6. Reusable Alkaline – Its limited cycle life and low load current is compensated by long shelf life, making this battery ideal for portable entertainment devices and flashlights. Great batteries if you want to store on demand power for a emergencies.

The Battery’s Electrolyte

The actual conversion of chemical energy into electrochemical energy can only be done if an electron flow passes between two electrodes, an anode (the negative end) and a cathode (the positive end). The battery’s electrical current (electron flow) runs from one electrode to another through a conductive chemical called an electrolyte solution.

A basic electrolyte solution is a chemical compound (salt, acid, or base) that when dissolved in a solvent forms a solution that becomes an ionic conductor of electricity. In the battery cell the electrolyte solution is the conducting medium in which the flow of electric current between the electrodes takes place by the migrating electrons.

Since the 1970 it has been known that adding salts to polymers can enable the polymer to conduct lithium ion. This material thus can serve as an electrolyte in lithium batteries. Lithium solid polymer electrolyte batteries, when given full measure to the capacity for miniaturization of a fully solid state battery can have the highest specific energy and specific power of any rechargeable technology.

Some of the benefits that lithium solid polymer electrolytes include:

• ease of manufacturing
• immunity from leakage
• suppression of lithium dendrite formation
• elimination of volatile organic liquids
• mechanical flexibility.

The Battery’s Specialized Hardware

A battery consists of more then the casing, electrolyte, and the chemical.
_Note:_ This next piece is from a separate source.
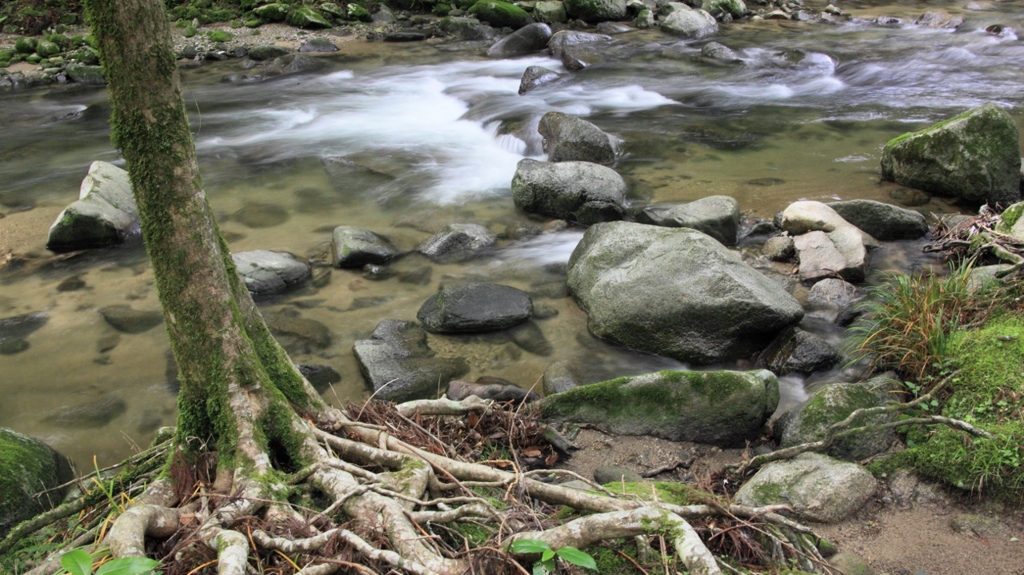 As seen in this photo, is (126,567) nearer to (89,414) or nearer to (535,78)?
(89,414)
It requires some very specialized hardware, especially when we speak directly about a smart battery. Your typical smart battery may have a multitude of hardware componenets that when working in tandem not merely create electrical power and transfer it to a particular device but additionally sends data packets of information to the device so that the device can actually gauge the battery (at least in theory). Some of the common hardware features in a smart battery include:

1. the connector
2. the fuse
3. the charge and discharge FETs
4. the cell pack
5. the sense resistor (RSENSE)
6. the primary and secondary protection ICs
7. the fuel-gauge IC
8. the thermistor
9. the pc board
10. the EEPROM or firmware for the fuel-gauge IC.